Edvinsson’a (2002: 7) göre entelektüel sermaye yönetimi bir yönetim tekniği değil kaynakların ve varlıkların yönetimi ile ilgili temel bir yaklaşımdır. Klein (1998) entelektüel sermaye yönetimini işletmelerin pazardaki yerini geliştirme olanaklarını görebilecekleri stratejik bir yaklaşım olduğunu belirtmiştir. Benzer şekilde Brennan ve Connell’ın (2000: 213) başarılı işletmelerin entelektüel sermayelerini diğer işletmelere oranla daha etkili bir şekilde yönettikleri ifadeleri, entelektüel sermaye yönetiminin işletmelerce benimsenen bir strateji oluşunu destekler niteliktedir.

İşletmelerin entelektüel sermayeden elde ettikleri değer mantıklı, iyi planlanmış ve iyi uygulanmış yönetim girişimlerinin sonucudur. İşletmeler stratejileri ve entelektüel sermaye kaynakları doğrultusunda elde edilecek değerlere ulaşma amacıyla çeşitli girişimler tasarlarlar. Başka bir ifadeyle, bir işletmenin entelektüel sermaye değeri, istenilen sonuç türü

ve işletme bağlamı sonucunda ortaya çıkmaktadır. Harrison ve Sullivan’a (2002) göre, bir işletmenin bağlamı işletmenin içsel ve dışsal gerçekleri bütünüdür. İçsel gerçekler yönetim, kaynaklar ve müşterilerle alakalıdır. Dışsal gerçekler ise işletmenin uzun vadeli temel hedeflerini etkileyen fırsatlar, tehditler ve mevcut olanaklar olarak değerlendirilmektedir.
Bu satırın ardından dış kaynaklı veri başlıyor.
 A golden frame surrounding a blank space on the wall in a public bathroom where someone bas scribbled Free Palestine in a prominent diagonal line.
Aynı zamanda işletme ve bağlamı arasındaki ilişki işletme vizyonu ve bu vizyona yönelik seçtiği stratejilerle ifade edimektedir (Harrison ve Sullivan,2002).

Bontis (1998) entelektüel sermayenin stratejik yönetiminin on temel adımını aşağıdaki şekilde sıralamıştır:

 Yönetim süreci, işletmenin var olan entelektüel sermaye seviyesini değerlendirmeye yönelik bir denetleme ile başlamalıdır. Her organizasyon farklıdır ve firmaya özgü önceliklerine ve bağlamına uygun ölçümler tasarlanmalıdır.
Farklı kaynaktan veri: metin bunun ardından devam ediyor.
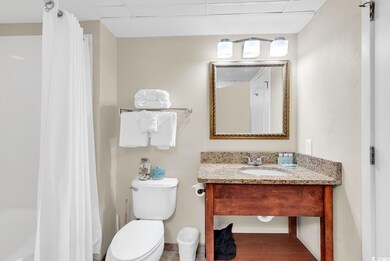 Full bathroom with vanity and toilet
 Entelektüel sermaye gelişimi işletmeye özgü düzeyde, belirli hedefler doğrultusunda işletme çıkarları için bilgi edinimi ve paylaşımına yönelik olmalıdır.

 İç ve dış kaynaklar da dahil edilmek üzere örgüt içinde bilginin rolü resmileştirilmelidir. Gerekli erişim, müşteriler, tedarikçiler, rakipler, hissedarlar ve müşterilere katma değer hizmeti sunan diğer kişilerle olan ilişki ağları gibi dış kaynakların yanı sıra işletme içi uzmanlık ve uygulama bilgisi edinimi amacıyla sağlanmalıdır.

 Bu süreçte itici güç konumunda bulunacak olan bilgi lideri veya entelektüel sermaye yönetici görevlendirilmesi yapılmalıdır.

 İşletmeye özgü bir entelektüel sermaye portföyü oluşturulmalıdır. İşletme içi örtük ve açık bilgiyi tanımlayacak bu portföy entelektüel sermaye denetiminden sonra da gerçekleştirilebilir.

 İşletme bilgi akışı, bilgi sistemleri veya bilgi paylaşım araçları kullanımıyla geliştirilebilir.

 İşletme genelinde bilgi paylaşım kültürü oluşturulmalı, paylaşımı teşvik edici çalışmalar yapılmalıdır.

 İşletmede entelektüel sermaye gelişimini değerlendirmek için ölçüm sistemleri uygulanmalıdır. Bu değerlendirmeler için indeksler ve ölçümler içeren taslaklar kullanılabilir.

 Entelektüel sermaye eksiklerini ve gelecekte gelişimin nerede olabileceğini belirmek amacıyla benchmark çalışmaları kullanılmalıdır.

 İşletmenin entelektüel sermayesinin nasıl kullanıldığını ve geliştiğini göstermek için işletmenin var olan yıllık raporlarına ek olarak entelektüel sermaye yönetim raporları da kullanılmalıdır. Bu raporlar işletmenin değer yaratma potansiyelini yansıtır.